Sta-209 (Spring 2025) Homework #4

Directions:

Submit your assignment via P-web.
Submit only a compiled R Markdown document (pdf, word, or html output are all okay, but you may need to “zip” an html file)
- If you want to compile to a pdf you can install the tinytext package by running install.packages('tinytex') followed by tinytex::install_tinytex()
Only submit your .Rmd file if you are unable to compile it due to errors (in the future you will be penalized for this)

Question #1

The Indoor Obstacle Course (IOCT) is an obstacle course that all Cadets at West Point Academy are tested on and must successfully complete prior to graduation. The data set below records IOCT completion times for 384 graduates of the academy:

ioct = read.csv("https://data.scorenetwork.org/data/ioct_west_point.csv")

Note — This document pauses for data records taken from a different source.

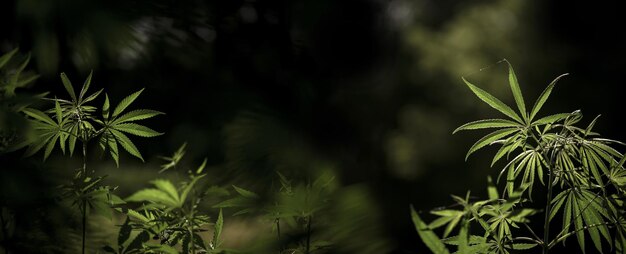 Foto na luz de fundo, uma planta atraente e popular. panorama lindo de cannabis.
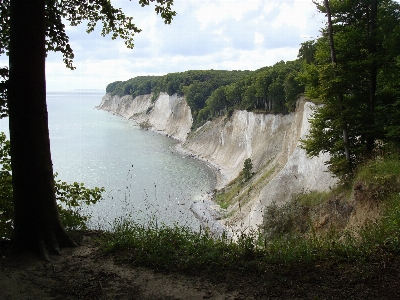 Sea coast tree water Photo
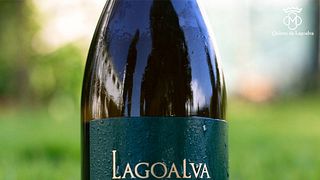 Quinta Da Lagoalva De Cima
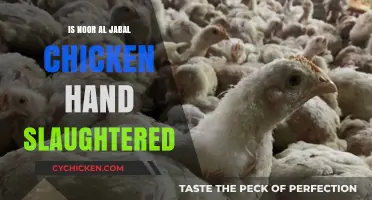 Is Noor Al Jabal Chicken Hand-Slaughtered? Facts Revealed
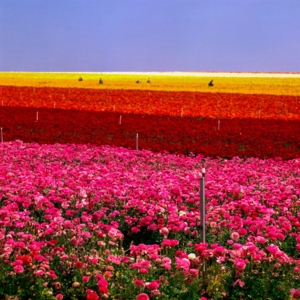 Photo of Carlsbad Management Consulting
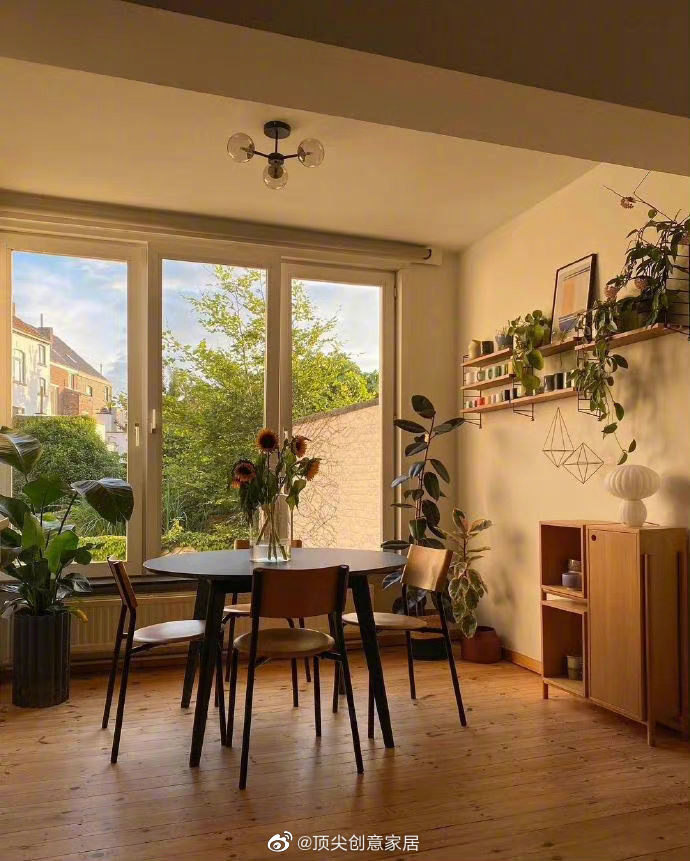 冬日家里的阳光一角__财经头条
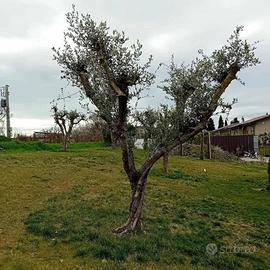 OLIVI ANNI 40 DA PRODUZIONE O ORNAMENTI 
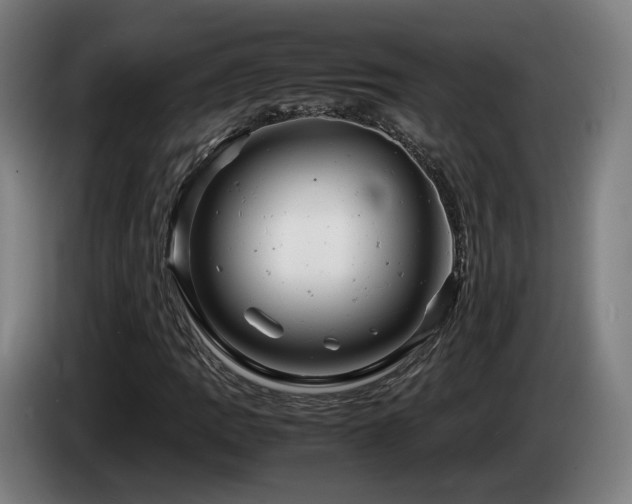 X0000085211109200703091133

Part A: Find Pearson’s correlation coefficient measuring the strength of association between the variables height and IOCT_Time. Based upon this correlation, do taller Cadets tend to finish the course faster or slower than shorter Cadets? Briefly explain.
Part B: Create a scatter plot showing the relationship between the explanatory variable height and the response variable IOCT_Time that includes both linear and moving average smoothers. Briefly explain why Pearson’s correlation coefficient is appropriate for measuring the strength of association for these data.
Part C: Fit the simple linear regression model IOCT_Time ~ height and interpret the slope coefficient that describes the effect of changes in height on the expected completion time in the fitted model.
Part D: Create an appropriate data visualization to determine whether the variables sex and height are associated in these data. Using your visualization, briefly explain whether or not you believe these variables are associated.
Part E: Create an appropriate data visualization to determine whether the variables sex and IOCT_Time are associated in these data. Using your visualization, briefly explain whether or not you believe these variables are associated.
Part F: Based upon your answers to Parts D and E, state whether or not you believe sex confounds the relationship between height and IOCT_Time.
Part G: Use the group_by() and summarize() functions in the dplyr package to perform a stratified analysis that reports the correlation between height and IOCT_Time separately for each category of sex. Hint: If you are specifying the data as the first step in the pipeline you should reference the variables height and IOCT_Time without using the $ operator inside of the summarize() function.
Part H: Briefly interpret the results of the stratified analysis you performed in Part G. That is, does height appear associated with IOCT_Time after you account for the variable sex?
Part I: Fit the multivariable linear regression model IOCT_Time ~ height + sex and interpret the slope coefficient that describes the effect of changes in height on the expected completion time in the fitted model. Briefly explain the difference between this effect and the one from Part C.

$~$

Question #2

For this question you’ll work with the “2023 Boston Marathon” data set found below:

marathon = read.csv("https://data.scorenetwork.org/data/boston_marathon_2023.csv")

This data set records information on each finisher of the 2023 Boston Marathon, with the variable finish_net_sec (finishing time in seconds) being the outcome of interest for this question.

Part A: Create a frequency table of the variable age_group and briefly describe the distribution of finisher ages.
Part B: Fit the regression model finish_net_sec ~ age_group. Based upon your fitted model, which age group has the fastest expected finish time?
Part C: Briefly interpret the estimated coefficient for “age_group50-54” in the model you fit in Part B.
Part D: Create a data visualization showing the relationship between half_time_sec (the runner’s time at the race’s halfway point) and finish_net_sec. Using this visualization, briefly describe the relationship between these two variables.
Part E Fit the regression model finish_net_sec ~ half_time_sec. Briefly interpret the slope and intercept of this model. If the intercept is not meaningful, you should indicate this.
Part F: Now fit the multivariable regression model finish_net_sec ~ half_time_sec + age_group. Explain why the coefficient of “age_group50-54” in this model is so different from the coefficient in the model you fit in Part B.
Part G: Compare the Adjusted $R^2$ of the models from Parts E and F, or finish_net_sec ~ half_time_sec + age_group and finish_net_sec ~ half_time_sec. Does it seem like including age group improves the model? Or does including this variable produce an overfit model?